COMMITTEE: Dr. Farzad Rahnema, Co-Chair (NRE/MP)
Dr. Eric Elder, Co-Chair (NRE/MP)
Dr. Chris Wang (NRE/MP)
Dr. Timothy Fox (NRE/MP)
Dr. Thomas Morley (MATH)
 

SUMMARY

Treatment planning algorithms for use in the radiotherapeutic treatment of cancer have progressively evolved since the earliest attempts to develop automated dose calculation software in the mid-1950s. Modern algorithms use advanced techniques such as convolution superposition or grid-based Boltzmann solvers to perform external beam radiotherapy calculations. A new method of dose calculation was developed at the Georgia Institute of Technology based on transport theory called COMET-PE. The method combines stochastic pre-computation with a deterministic solver to achieve high accuracy and precision. For the COMET-PE method to be implemented clinically it needs a practical source model that closely mimics the physical characteristics of a typical radiation beam from a linear particle accelerator.
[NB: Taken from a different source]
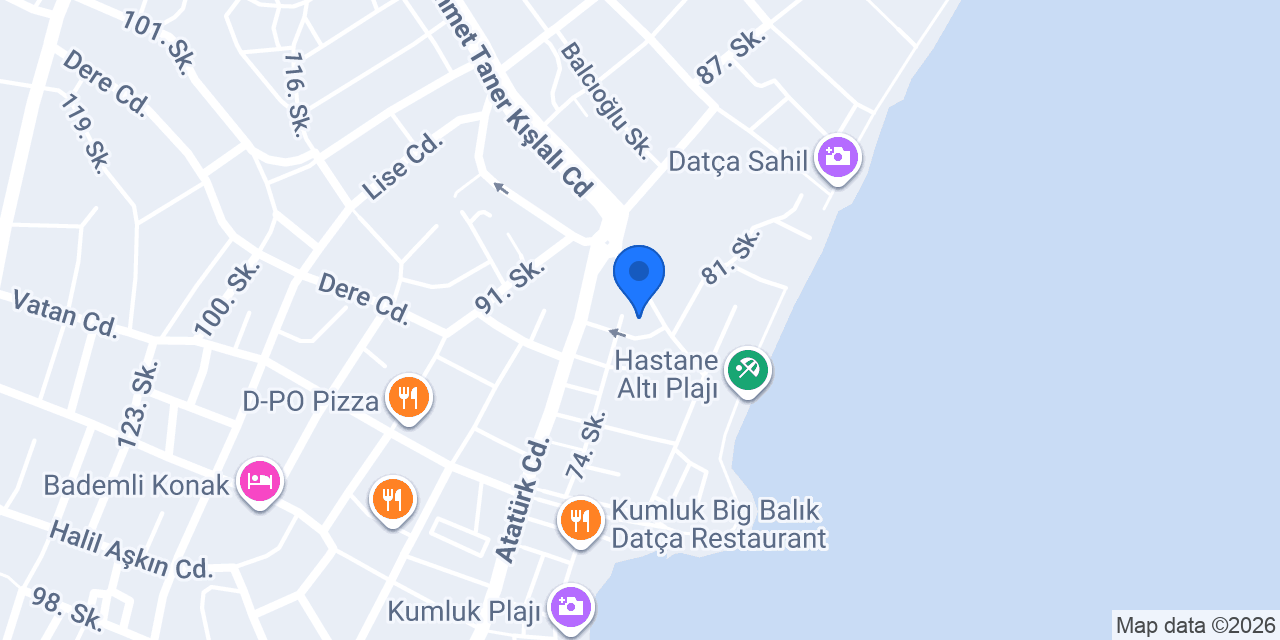 Özel Datça Sürücü Kursu konumu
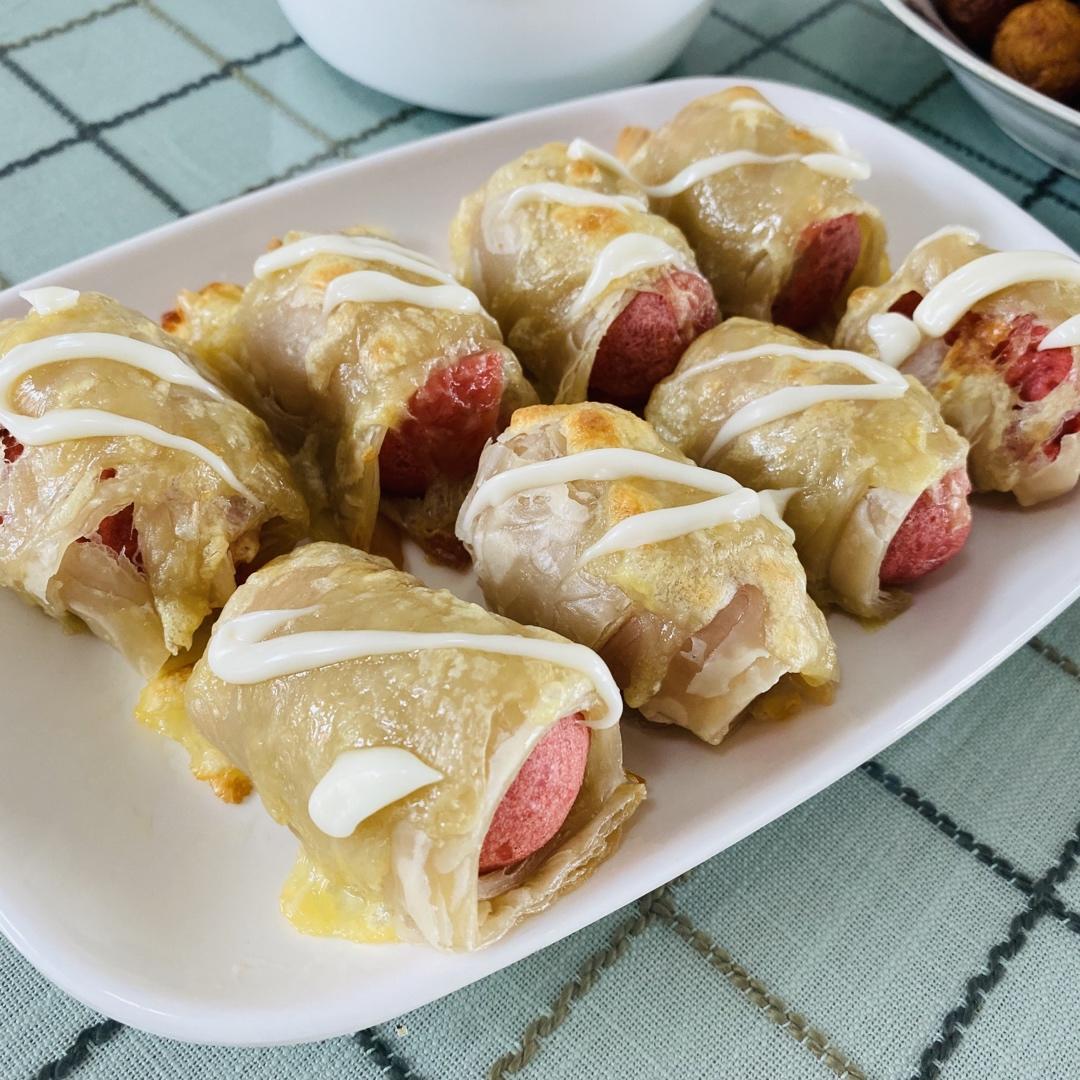 手抓饼热狗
The COMET-PE method should also be validated against a known benchmark. A novel linear accelerator source model is presented that models the geometry, angular distribution, spectrum, energy, and electron contamination of a 6 MV photon beam from a Varian c-series clinac. Of note is the use of a hemispherical harmonic expansion with the functional expansion tally method to model photonic fluence. The source was implemented in the COMET-PE radiation transport code and calculations performed with various field sizes and phantoms. The results are benchmarked against Monte Carlo reference solutions and compared with calculations performed with two popular commercially available treatment planning algorithms. The results indicate that the proposed source model when coupled with the COMET-PE method is capable of dosimetric calculations that in many cases more closely match Monte Carlo solutions than the commercially available options.